The invisible work of cleaning up duplicate automation in contact centers
Automation has become the rallying cry in modern contact centers. Companies of all sizes are placing heavy bets on orchestration platforms — those solutions that promise to connect channels, systems, and interactions into a single, seamless customer experience.
The idea is simple and appealing: it doesn’t matter if the customer starts with a chatbot, an IVR, or talks directly to a human agent — the context follows the entire journey.
Sounds great on paper.
But what many companies are discovering in practice is something very different. When they get around to implementing orchestration, they find a scenario that has been quietly building over the years: layer upon layer of automation stacked on top of each other, each one solving a specific problem, each one speaking a different language, and almost none of them talking to one another.
The problem isn’t new. It’s just that orchestration shined a light on it.
And here’s the twist: orchestration doesn’t create this chaos — it simply reveals what was already there. 👀
Before thinking about connecting systems, many organizations need to face a more uncomfortable reality: they’ve accumulated duplicate and disconnected systems that fragment the customer experience and make everything harder to operate.
How contact centers piled up overlapping automation
Nobody wakes up one day and decides to create a chaotic automation environment at their company. This scenario forms gradually, almost always with good intentions. A support team needs a chatbot to answer frequently asked questions, so they buy a quick solution and get it running. A few months later, the marketing team wants to automate post-purchase messaging, so another tool comes in. The collections department has an urgent need, and here comes yet another system. Each department solves its immediate problem, and nobody is looking at the big picture.
Oru Mohiuddin, research director at IDC, explains that it’s extremely common for large enterprises to build contact center environments through incremental technology adoption, acquisitions, and channel expansion. The result, according to her, is that IVRs, chatbots, RPA workflows, and AI assistants end up independently handling similar types of interactions.

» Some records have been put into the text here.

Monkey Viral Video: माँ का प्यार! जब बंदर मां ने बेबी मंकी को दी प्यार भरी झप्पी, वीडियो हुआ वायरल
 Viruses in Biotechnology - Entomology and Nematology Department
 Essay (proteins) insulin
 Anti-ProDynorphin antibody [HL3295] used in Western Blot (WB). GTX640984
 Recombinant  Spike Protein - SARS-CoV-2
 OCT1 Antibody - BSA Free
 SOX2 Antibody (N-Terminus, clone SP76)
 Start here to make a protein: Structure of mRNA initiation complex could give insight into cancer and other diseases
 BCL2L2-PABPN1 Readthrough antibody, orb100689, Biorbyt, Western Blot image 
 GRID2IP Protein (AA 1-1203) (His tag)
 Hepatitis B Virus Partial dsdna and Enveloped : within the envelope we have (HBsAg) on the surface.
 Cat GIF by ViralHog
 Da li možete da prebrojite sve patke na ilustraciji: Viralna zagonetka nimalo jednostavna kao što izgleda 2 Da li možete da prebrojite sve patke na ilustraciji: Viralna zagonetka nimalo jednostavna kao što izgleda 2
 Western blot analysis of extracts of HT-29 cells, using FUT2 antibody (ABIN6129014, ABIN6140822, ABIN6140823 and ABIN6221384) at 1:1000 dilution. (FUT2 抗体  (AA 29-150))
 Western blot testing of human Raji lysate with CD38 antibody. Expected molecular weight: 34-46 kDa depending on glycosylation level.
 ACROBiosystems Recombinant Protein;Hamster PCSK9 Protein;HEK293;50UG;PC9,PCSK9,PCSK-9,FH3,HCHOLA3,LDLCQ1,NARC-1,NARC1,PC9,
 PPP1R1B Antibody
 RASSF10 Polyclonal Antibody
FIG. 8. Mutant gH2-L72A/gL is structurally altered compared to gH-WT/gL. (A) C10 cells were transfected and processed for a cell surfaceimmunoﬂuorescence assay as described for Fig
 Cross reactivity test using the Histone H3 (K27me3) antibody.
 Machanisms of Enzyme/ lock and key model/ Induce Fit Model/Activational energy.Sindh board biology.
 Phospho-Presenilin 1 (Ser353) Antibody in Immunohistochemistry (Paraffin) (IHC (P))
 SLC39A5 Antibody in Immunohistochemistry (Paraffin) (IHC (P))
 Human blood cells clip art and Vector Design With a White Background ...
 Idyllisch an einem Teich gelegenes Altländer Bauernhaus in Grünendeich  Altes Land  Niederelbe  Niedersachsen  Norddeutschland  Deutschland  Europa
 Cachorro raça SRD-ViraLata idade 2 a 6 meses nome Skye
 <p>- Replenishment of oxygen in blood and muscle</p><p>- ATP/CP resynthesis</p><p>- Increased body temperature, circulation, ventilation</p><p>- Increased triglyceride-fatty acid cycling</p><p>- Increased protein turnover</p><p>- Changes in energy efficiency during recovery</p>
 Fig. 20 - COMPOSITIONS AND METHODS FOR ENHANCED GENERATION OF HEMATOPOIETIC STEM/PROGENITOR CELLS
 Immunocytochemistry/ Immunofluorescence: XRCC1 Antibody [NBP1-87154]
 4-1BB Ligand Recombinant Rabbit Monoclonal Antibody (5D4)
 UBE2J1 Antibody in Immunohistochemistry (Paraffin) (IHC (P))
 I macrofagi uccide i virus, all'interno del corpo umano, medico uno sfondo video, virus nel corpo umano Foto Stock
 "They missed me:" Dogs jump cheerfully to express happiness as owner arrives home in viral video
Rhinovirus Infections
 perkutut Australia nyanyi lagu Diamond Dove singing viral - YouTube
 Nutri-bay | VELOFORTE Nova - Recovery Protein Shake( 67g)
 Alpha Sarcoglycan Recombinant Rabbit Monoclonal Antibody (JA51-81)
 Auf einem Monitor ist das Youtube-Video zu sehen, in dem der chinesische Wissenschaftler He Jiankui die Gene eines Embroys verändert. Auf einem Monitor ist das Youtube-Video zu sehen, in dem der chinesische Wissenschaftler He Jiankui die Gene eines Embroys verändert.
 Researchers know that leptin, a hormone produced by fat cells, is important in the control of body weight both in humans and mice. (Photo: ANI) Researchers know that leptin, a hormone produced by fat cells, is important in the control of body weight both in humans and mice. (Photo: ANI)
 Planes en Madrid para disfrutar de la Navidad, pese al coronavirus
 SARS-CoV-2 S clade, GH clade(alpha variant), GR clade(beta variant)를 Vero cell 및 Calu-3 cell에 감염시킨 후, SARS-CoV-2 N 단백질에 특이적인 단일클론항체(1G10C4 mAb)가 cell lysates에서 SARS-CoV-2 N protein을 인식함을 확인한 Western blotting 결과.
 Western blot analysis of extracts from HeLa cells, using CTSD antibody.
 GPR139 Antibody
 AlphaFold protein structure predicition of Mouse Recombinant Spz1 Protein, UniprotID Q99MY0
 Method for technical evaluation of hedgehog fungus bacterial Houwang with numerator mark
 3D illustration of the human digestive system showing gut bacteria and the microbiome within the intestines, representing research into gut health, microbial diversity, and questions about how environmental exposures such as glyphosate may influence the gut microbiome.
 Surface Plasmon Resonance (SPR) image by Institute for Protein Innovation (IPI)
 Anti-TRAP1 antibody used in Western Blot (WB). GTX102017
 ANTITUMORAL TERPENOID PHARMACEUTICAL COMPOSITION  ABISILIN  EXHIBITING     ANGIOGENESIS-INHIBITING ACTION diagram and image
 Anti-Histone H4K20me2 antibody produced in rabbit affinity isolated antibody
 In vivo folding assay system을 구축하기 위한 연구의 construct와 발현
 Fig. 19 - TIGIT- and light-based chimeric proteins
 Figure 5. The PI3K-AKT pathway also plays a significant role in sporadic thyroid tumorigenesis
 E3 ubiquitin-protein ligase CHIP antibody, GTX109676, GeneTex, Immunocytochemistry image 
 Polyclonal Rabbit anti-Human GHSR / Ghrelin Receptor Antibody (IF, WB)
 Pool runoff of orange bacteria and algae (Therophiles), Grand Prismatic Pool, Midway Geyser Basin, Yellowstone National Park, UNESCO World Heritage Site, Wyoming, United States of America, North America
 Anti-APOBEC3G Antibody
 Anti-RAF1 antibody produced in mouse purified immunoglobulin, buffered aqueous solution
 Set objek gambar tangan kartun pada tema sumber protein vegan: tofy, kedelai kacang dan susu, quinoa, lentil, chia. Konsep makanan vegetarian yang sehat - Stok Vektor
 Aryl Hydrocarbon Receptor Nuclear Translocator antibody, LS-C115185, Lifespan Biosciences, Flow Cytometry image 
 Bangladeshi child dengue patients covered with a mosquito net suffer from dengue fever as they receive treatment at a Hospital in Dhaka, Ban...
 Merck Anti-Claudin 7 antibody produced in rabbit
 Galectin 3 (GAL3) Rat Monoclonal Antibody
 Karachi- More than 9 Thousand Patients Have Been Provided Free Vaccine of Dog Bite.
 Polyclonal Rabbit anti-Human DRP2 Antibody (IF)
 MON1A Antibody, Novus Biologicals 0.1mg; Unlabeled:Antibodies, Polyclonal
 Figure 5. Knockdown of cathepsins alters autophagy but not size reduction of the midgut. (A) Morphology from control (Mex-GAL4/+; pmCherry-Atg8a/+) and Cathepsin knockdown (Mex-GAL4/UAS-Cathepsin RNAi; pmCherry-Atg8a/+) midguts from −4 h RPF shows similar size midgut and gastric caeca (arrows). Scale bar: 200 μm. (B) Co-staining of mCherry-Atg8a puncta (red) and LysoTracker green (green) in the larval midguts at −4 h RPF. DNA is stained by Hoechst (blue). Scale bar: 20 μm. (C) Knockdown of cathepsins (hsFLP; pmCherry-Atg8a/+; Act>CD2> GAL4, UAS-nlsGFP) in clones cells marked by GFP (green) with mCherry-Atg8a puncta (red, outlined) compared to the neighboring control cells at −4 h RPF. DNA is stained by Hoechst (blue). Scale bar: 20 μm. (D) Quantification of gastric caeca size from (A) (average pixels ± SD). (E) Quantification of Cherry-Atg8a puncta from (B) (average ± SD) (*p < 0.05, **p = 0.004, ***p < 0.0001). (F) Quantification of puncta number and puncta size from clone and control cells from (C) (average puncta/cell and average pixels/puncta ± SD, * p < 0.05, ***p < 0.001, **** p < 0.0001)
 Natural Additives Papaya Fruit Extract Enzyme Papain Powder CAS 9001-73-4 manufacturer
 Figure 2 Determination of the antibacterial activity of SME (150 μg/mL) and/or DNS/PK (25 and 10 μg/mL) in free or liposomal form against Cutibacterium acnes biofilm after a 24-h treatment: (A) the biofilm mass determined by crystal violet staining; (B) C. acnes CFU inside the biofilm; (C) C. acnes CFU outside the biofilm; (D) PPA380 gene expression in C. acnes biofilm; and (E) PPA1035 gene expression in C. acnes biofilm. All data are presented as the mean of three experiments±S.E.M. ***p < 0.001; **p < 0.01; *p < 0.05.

Alex Levin, co-founder and CEO of Regal, adds to this perspective. He says that most of the time, when each system was implemented, it was solving a critical issue. But nobody planned for all of them to eventually overlap.
Aleks Bass, chief product and technology officer at Typeform, goes further and points out that the pattern reflects how organizations are structured internally. According to Bass, companies build automation the same way they’re organized. Marketing adds tools for lead generation, sales for follow-up, support adds chatbots, operations adds workflow automation. Each decision in isolation is perfectly reasonable on its own.
The result, over two, three, five years, is an environment where multiple tools are doing similar things, storing data in different places, and operating with zero synchronization between them.
When orchestration exposes hidden problems
The most critical point in this story is that these duplicate systems are rarely identified as a problem until someone tries to do something bigger — like implementing an orchestration platform. As long as each system stays in its own lane, the operation sort of works, even if inefficiently. But the moment you try to put a layer on top that connects everything, the inconsistencies come crashing to the surface.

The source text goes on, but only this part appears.